Show there exists $x\in (0,1)$ such that $f(x) \leq \int_0^1 f(t) dt$

Question

Please help me check my proof, thanks!

(a) Show there exists $x\in (0,1)$ such that $$f(x) \leq \int_0^1 f(t) dt.$$

Proof: when $f$ is constant a.e, the equality holds for all points except for a set of measure zero. Suppose $f$ is not constant a.e, argue by contradiction, suppose that $$f(x) > \int_0^1 f(t) dt $$ for $x\in (0,1)$ a.e. Then $\{f(x) : x\in (0,1) \text { and } f(x) > \int_0^1 f(t) dt \}$ is bounded below and there exists an $C:= \inf_{x\in (0,1) \text { and } f(x) > \int_0^1 f(t) dt } f(x)$. Now we have

$$C \geq \int_0^1 f(t) dt$$ and $$\int_0^1 C dt \geq \int_0^1 f(t) dt$$ $$\int_0^1 f(t) - C dt \leq 0.$$ Observe that $f(t) - C\geq 0$ a.e. thus we must have $f(t) - C = 0$ a.e., which contradicts with the assumption that $f$ is not constant a.e.

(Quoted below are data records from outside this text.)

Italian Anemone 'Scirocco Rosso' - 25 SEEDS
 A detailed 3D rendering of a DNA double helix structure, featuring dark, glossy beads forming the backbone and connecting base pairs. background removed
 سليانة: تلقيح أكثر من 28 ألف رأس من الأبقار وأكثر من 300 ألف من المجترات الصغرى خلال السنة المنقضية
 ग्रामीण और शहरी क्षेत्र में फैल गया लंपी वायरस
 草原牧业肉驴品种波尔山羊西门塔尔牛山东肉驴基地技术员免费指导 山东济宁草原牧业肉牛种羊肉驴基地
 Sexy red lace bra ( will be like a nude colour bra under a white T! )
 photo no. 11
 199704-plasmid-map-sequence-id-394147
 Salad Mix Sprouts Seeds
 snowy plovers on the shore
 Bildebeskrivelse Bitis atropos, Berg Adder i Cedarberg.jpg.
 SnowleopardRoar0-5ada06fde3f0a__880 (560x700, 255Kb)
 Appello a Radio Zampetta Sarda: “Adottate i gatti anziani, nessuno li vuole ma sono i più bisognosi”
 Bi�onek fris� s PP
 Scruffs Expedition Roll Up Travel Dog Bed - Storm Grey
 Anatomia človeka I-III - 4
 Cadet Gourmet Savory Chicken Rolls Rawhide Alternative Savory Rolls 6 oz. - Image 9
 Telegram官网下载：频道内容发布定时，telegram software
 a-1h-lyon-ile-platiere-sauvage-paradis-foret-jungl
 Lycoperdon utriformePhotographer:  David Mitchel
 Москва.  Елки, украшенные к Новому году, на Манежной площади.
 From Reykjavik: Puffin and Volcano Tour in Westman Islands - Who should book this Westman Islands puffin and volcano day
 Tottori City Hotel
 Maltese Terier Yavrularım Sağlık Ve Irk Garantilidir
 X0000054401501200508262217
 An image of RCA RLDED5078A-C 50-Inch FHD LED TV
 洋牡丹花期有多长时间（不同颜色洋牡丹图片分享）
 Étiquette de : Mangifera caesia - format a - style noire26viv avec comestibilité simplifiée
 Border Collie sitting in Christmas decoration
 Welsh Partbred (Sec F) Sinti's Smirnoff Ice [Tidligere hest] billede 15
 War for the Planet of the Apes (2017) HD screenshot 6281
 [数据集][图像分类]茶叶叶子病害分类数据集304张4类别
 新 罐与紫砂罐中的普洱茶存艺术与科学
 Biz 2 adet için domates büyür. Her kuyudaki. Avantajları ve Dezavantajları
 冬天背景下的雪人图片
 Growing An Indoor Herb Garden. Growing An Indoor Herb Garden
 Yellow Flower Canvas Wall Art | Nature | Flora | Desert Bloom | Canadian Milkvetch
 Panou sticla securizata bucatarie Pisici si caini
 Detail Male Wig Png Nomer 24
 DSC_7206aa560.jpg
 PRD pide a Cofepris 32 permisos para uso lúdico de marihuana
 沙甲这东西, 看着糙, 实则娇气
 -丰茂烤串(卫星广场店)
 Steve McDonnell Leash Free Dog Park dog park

(b) Given an $1>\epsilon > 0$, construct a function such that the measure of the set of points that satisfy the above inequality is less than $\epsilon$.

Define $f(x) = -1$ when $x\in (0,\epsilon)$ and $f(x) = 0$ when $x\in (\epsilon, 1)$.

Answer 1

This proof looks wrong to me. The claim that $\{ f(x): x \in (0, 1)\}$ is bounded below seems wrong. Look at, say, $f(x) = -1/x^8$ for $x \ne 0$, and $f(0) = 0$. Then that set is not bounded below.

The place where it really messes up is when you suppose that $f(x) > \int_0^1 ...$. At this point, $x$ is a specific number in the unit interval. But in the next line, you use it as a variable in a set-specification, and things get confused.

Edit, post-comments: Once the proof was modified to suppose that $f(x) > \int_0^1 f(t) dt$ for all $x \in (0, 1)$, the remaining failure is in the last couple of steps. You say that $int_0^1 f(t) −C ~dt \le 0$, but $f(t)−C\ge 0$ for all $t$, and conclude that this means $f(t)−C=0$. Unless you're assuming $f$ is continuous, this conclusion isn't justified. (Think of $C=0$, and $f(t)=0$ except for $f(0)=1$, or $f(1/2) = 1$.)

I think that perhaps a better division would be into two cases: (1) there is a constant $C$ such that $f(t) = C$ almost everywhere, or (2) there is no such constant. The first case gets just a tiny bit trickier, but in the second case, you can conclude at the end that $f(t) = C$ almost everywhere; it thus must be true at some point of $(0, 1)$.